Mumsnet has not checked the qualifications of anyone posting here. If you need help urgently or expert advice, please see our domestic violence webguide and/or relationships webguide. Many Mumsnetters experiencing domestic abuse have found this thread helpful: Listen up, everybody

Advice please, what should I do?

21 replies

Confusedtotally · 06/03/2019 07:29

Sorry dears, I am a new member on mumsnet, however I have been a long years reader here.
I find in real life, I have come to a situation where very difficult to talk about this now. please bear with me if you could, I really need some advice, for my own look out and the wellbeing of my children.
I and OH have been married for 21 years, so I am in my late 40s and OH is in his early 60s. two children, one can be counted as adult, and one is still at school, GCSE this June.
I discovered OH has been flirting online with other ladies about one week ago, particularly looking for sex. I have had a whole week to think/analyse the situation, I partially understand the reason he did it but cannot accept why. The most important thing is, what should I do from now on, please help if you lovely people can give me any suggestions.

OP posts:
Confusedtotally · 06/03/2019 08:00

I must apologise for the drip feed and nagging, the whole thing with his action and reaction really shocked me. so please allow me talking about it from the beginning, I don't know what I did was ok or not or what I should do the next.
I borrowed OH's laptop a week ago while he was away for business and when my own laptop couldn't connect to the Internet.
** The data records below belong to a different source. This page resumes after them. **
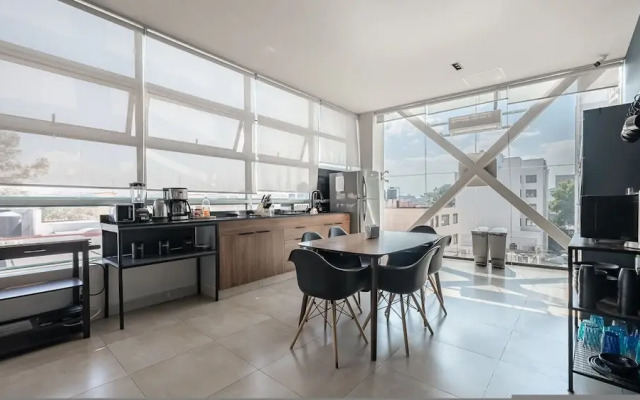 Top Bed Mixed Shared Room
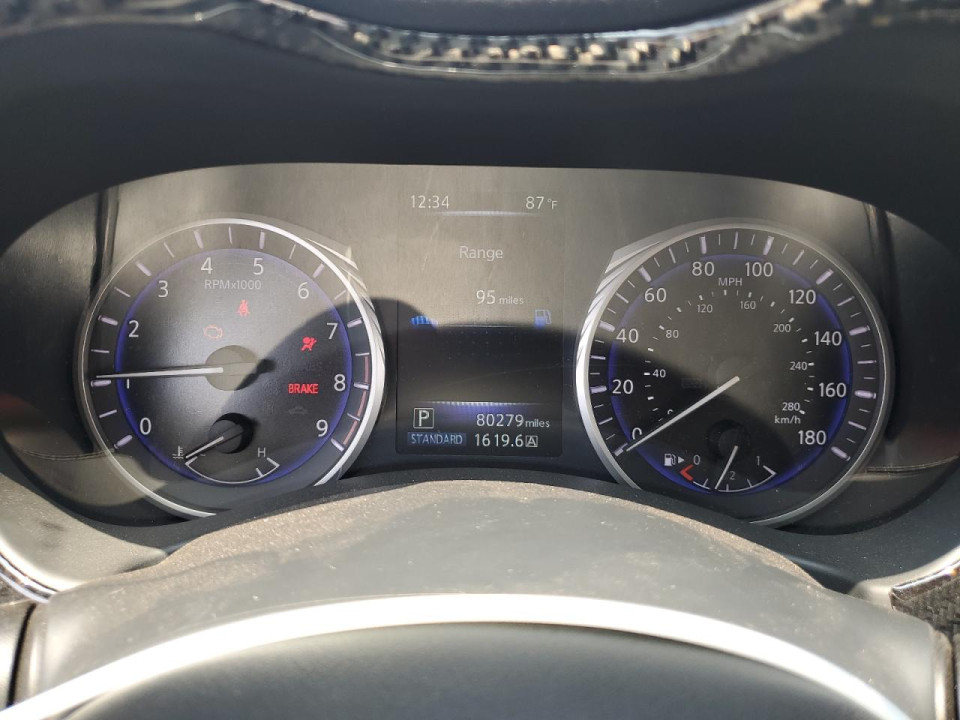 Infiniti Q50 2015 — Copart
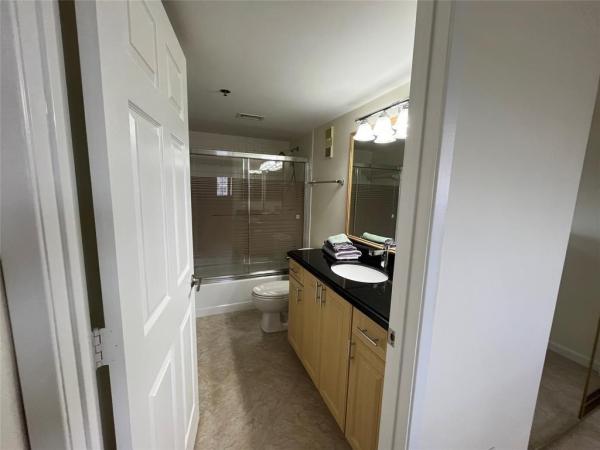Huntington Lakes 5, 7260 Kinghurst Dr #606, Delray Beach, Florida 33446, image 2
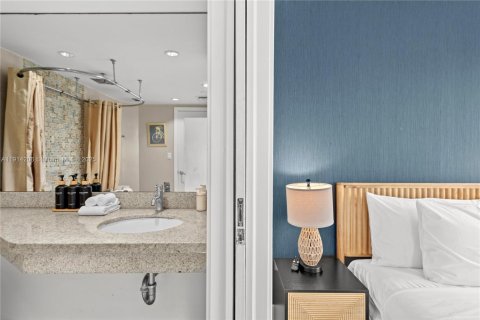 Condo in Miami Beach, Florida, 1 bedroom  № 2021002 - photo 23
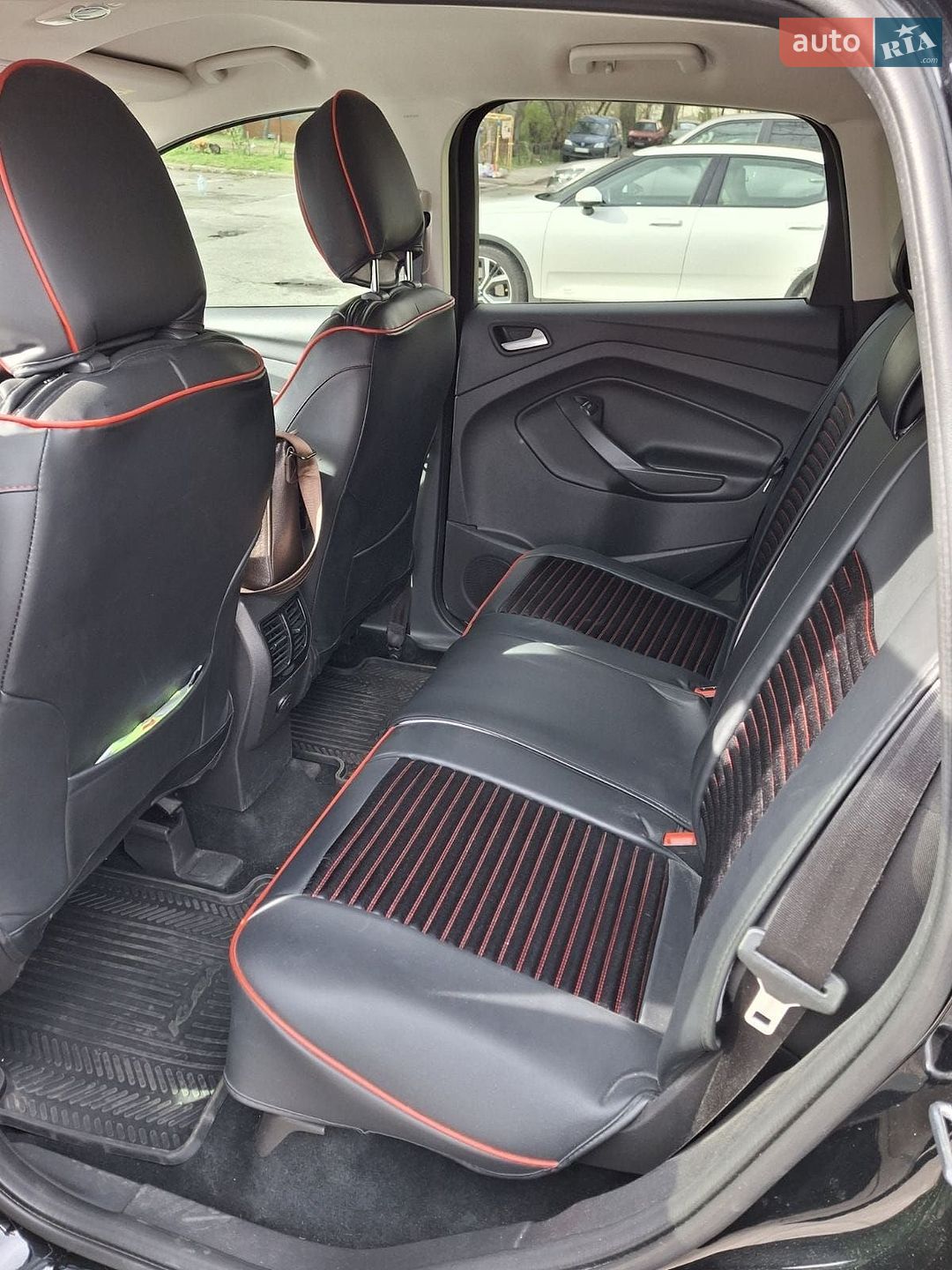 Ford Kuga 2019 VIN WF0AXXWPMAKK10120 фото оголошення 8 з 10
Both children helped and resit the broadband but we still couldn't connect mine to the internet when there was no problem with their connection. I messaged husband to ask if I could borrow his, he texted back with permission and his password. So I borrowed his laptop.
I logged on with the password he gave to me. A Word document was open on the spot as soon as the computer started. The document was a serial of erotic poems.
Our marriage/sex/intimate life has been non-existent for many years, about 12 years now I believe. Please allow me to explain, I am going to talk as fair as possible.
While second child was around a little over 3 years old, OH seemed slowly went cold on me for a total. He seemed totally out of the human touch with me. However, he seemed fine otherwise, I mean fine was he has a such good temper where he had no opinion of what I do, what the children do, how they were brought up, everything, he has no opinion at all. He would follow what I said or planned to do regarding above areas. Now look back, I feel myself somehow so stupid.
Relationship wise, I tried to seduce him, please him, develop to serious talks with him, suggested that we should go to see the GPs together, or seek some professional help but he refused all. I cried, couldn't sleep, went on sleeping tablets, lost confidence totally. He refused to talk or answer back, with no explanation at all. Each time, he just listened then offered me a coffee, a cup of tea, or a glass of wine. I couldn't understand the reason behind of it, in my head I kept thinking, was I really so ugly? I started to feel so lonely so I started to drink, but not excessively.
I don't understand myself now, why did I keep the marriage running without feeling love from him for so many years? just because my family are thousands miles away? because I didn't want to live in a running down council flat with my children? or it was because that I didn't have any faith in myself? or because I was brought up in a broken family so I didn't want my children to go through the same experience? However, with time flies, up to today, I feel I have no energy to think back what exactly went wrong, and the most important of all, what should I do the next?

OP posts:
sofato5miles · 06/03/2019 08:03

You know why.

User9797 · 06/03/2019 08:06

You’ve sort of answered the question yourself. Just because you’ve been used to something for so long doesn’t mean you have to stay around. It sounds like things haven’t been good for a long time and I think you need to put a plan together to move on to better things. It will he hard but you’ll be so proud of yourself and feel much better afterwards

Confusedtotally · 06/03/2019 08:15

The past 21 years, financially, we haven't done brilliantly. I suppose partial of it was me as a full time mum for pretty many years as husband had been working as a contractor for years until not many years ago. His contracts seemed never stable, every few months his job changed to different locations in the UK or different countries, so I stayed at home with the children until when 2nd child started school and I started doing some freelance jobs. I suppose that he worked hard but he could be out of jobs for ages, the longest period was over two years for him without any work. That period covered before I fell pregnant with 2nd child, until 2nd child was over one year old. We survived on my student loan for that two years. He had no interest to even change careers to support us as a family. With the pregnancy and stress, I didn't do well with the achievement from the university with only a third class degree. I don't understand why the marriage stayed, so it is my own fault, isn't it, I can slowly see the weakness in me now.

OP posts:
Shoxfordian · 06/03/2019 08:23

He's destroyed your confidence, you should leave him and be free to enjoy life again

Shoxfordian · 06/03/2019 08:23

Its not your fault

User9797 · 06/03/2019 08:25

You’re not weak. You just wanted to believe so hard that things would work out and that’s natural. I stayed in a bad relationship for 6 years but after leaving I feel like a new woman, I’m free and it feels so liberating. But by the sounds of things your relationship is too far gone and now your OH is resorting to finding women online etc, get out whilst you can, the longer you stay the harder it will be.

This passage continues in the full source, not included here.